As e-commerce and online shopping burgeon, the fashion image classification experience has rapid growth, encompassing recognition, retrieval, recommendation, and fashion trend forecasting. Recommendation systems, driven by big data and user history, guide consumers to new products and are vital across all sectors, ensuring modern business satisfies individual preferences. Image recommendation, meanwhile, concerns identifying the most similar objects in image form and aligning the features of fashion products with consumers.
Numerous researchers have leveraged deep learning models and pre-trained CNN architectures to classify fashion images, while others have delved into fashion recommendation systems. For fashion image classification, the hierarchical CNN with VGG16 and VGG19 architectures achieved superior results with VGG16. Several studies conducted an in-depth comparison of DL architectures and enhanced the learning process for the best-performing architecture. For fashion recommendation, several works extracted features from pre-trained models such as CNNs and residual networks (ResNet50). The extracted features were ranked using k-nearest neighbor (k-NN) for style recommendations.
Materials and methods
In the classification stage, the research employs a variety of models, including pre-trained, proposed CNN architectures, and vision transformer (ViT) models, to classify fashion images. These models are assessed using two publicly available fashion image datasets: Fashion-MNIST and the fashion product dataset.
The CNN models developed for the current study, known as DeepCNN1, DeepCNN2, and DeepCNN3, encompass a range of layers, including convolutional, max pooling, batch normalization, dropout, and fully connected layers.

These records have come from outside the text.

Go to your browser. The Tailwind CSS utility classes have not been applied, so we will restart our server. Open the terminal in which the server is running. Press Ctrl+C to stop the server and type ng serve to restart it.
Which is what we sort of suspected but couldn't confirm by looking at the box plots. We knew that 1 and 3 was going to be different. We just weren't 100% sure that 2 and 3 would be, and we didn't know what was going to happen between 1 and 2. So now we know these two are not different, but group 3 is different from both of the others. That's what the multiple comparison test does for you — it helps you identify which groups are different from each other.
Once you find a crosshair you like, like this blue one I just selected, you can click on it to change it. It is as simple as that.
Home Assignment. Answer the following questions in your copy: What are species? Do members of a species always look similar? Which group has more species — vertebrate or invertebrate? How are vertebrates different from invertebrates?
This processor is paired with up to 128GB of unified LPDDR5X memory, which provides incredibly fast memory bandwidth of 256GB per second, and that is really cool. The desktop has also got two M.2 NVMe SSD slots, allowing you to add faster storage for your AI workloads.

These layers are vital in feature extraction and classification.
The ViT emerges as an innovative alternative to conventional CNNs in image classification. The architecture follows a systematic pattern, from input processing, patching, and encoding to transformer layers and feature processing. Key hyperparameters are meticulously configured to optimize model performance.
The study extends its focus to fashion recommendation systems, highlighting their significance in guiding users toward suitable products. These systems consider various traditional approaches, including cosine similarity and Pearson correlation. However, the research introduces an efficient recommendation system using the ViT model (DINOv2) for feature extraction and the FAISS library for a rapid nearest-neighbor search. The Gradio library facilitates a user-friendly interface for interacting with the system, allowing users to upload images and visualize nearest neighbor images from the dataset.

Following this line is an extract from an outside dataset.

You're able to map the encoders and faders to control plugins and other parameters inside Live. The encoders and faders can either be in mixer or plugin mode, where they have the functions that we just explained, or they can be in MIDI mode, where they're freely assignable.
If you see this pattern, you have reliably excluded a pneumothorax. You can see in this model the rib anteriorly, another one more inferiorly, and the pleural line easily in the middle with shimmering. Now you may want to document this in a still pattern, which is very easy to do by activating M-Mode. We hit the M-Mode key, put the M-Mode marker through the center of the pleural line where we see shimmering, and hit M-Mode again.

Efficiency is ensured through FAISS's flat L2 index structure, which rapidly computes Euclidean distances for nearest neighbor retrieval. The process includes index creation, distance calculation, nearest neighbor identification, and retrieval. This methodology demonstrates the effectiveness of the DINOv2 model in facilitating efficient and accurate fashion recommendations.
Experimental results
The datasets were divided into an 80 percent training set and a 20 percent testing set. To evaluate the proposed model, researchers employed metrics, including accuracy, precision, recall, F1-score, the AUC, and ROC curves. For the Fashion-MNIST dataset, the ViT model outperformed others with accuracy, precision, recall, and F1-score values around 95. Conversely, MobileNet exhibited the lowest performance, with the metrics not exceeding 59.
Comparatively, CNN models, especially Deep-CNN3, excelled in performance compared to pre-trained models. Deep-CNN3 achieved high accuracy. The ViT model demonstrated a two- to four-percent performance improvement over CNN models. The ViT model consistently achieved higher AUC values compared to Deep-CNN3.
For the fashion product dataset, ViT continued to excel, and MobileNet displayed the lowest results. Similar to the Fashion-MNIST dataset, CNN models, particularly Deep-CNN3, outperformed pre-trained models. The ViT model delivered a one to two-percent performance enhancement over CNN models.
Conclusion
In summary, researchers employed ViT to improve fashion image classification using public datasets. The ViT model’s performance is compared to CNN and pre-trained models. Results indicated that ViT outperformed other models. It achieves high accuracy for the Fashion-MNIST dataset and even higher accuracy for the fashion product dataset. The study also developed a fashion recommendation system using DINOv2 and FAISS for top-five image retrieval. Future work involves user studies, context-aware recommendations, hybrid approaches, explainability, and complexity analysis.